WORK TO BE COMPLETED:
A word-for-word copy of the lines below, starting at the line with "Holder rear lamp bulb" and ending at the last one, is what you should give. Omit every picture.

══ COLLECTED DATA ══

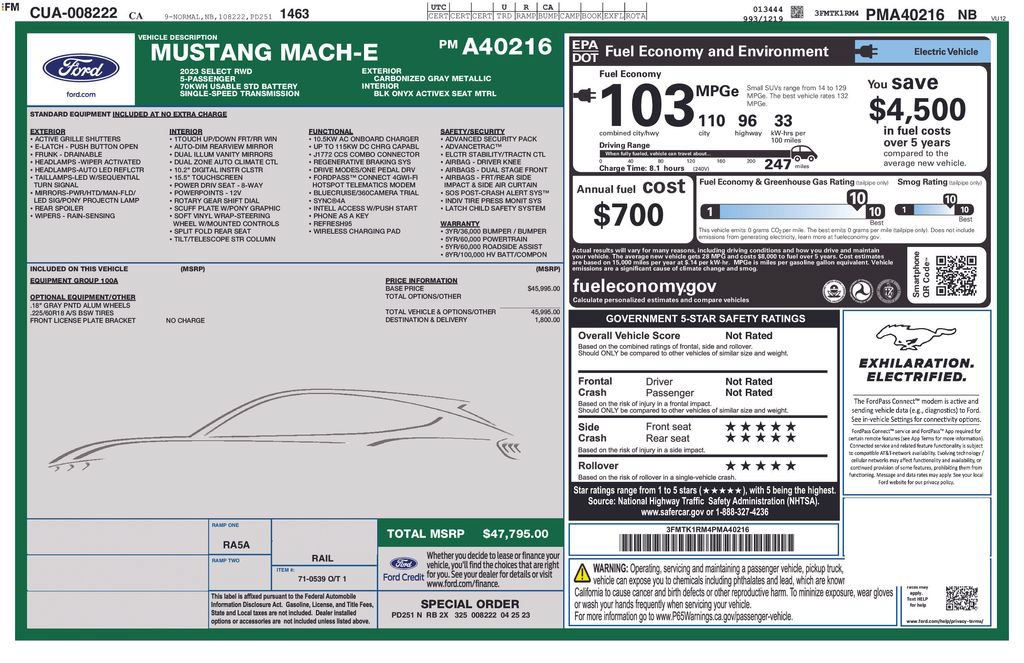 Certified 2023 Ford Mustang Mach-E Select RWD image 6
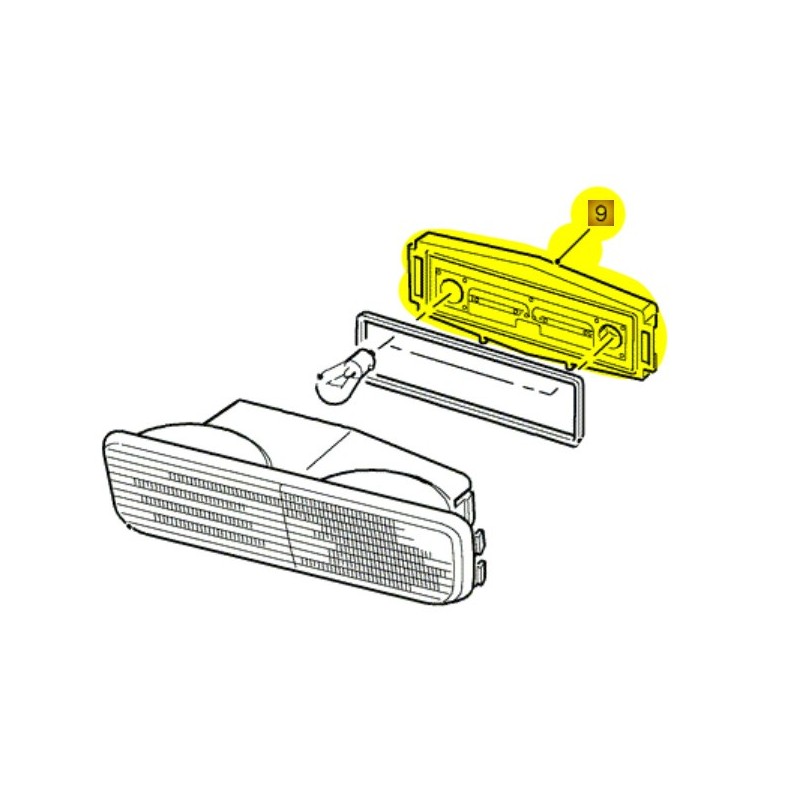 Holder rear lamp bulb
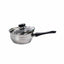 Set oale inox 12 piese cu cratite, tigaie si capace din sticla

═══

ANSWER FOR THIS EXERCISE:
 Holder rear lamp bulb
 Set oale inox 12 piese cu cratite, tigaie si capace din sticla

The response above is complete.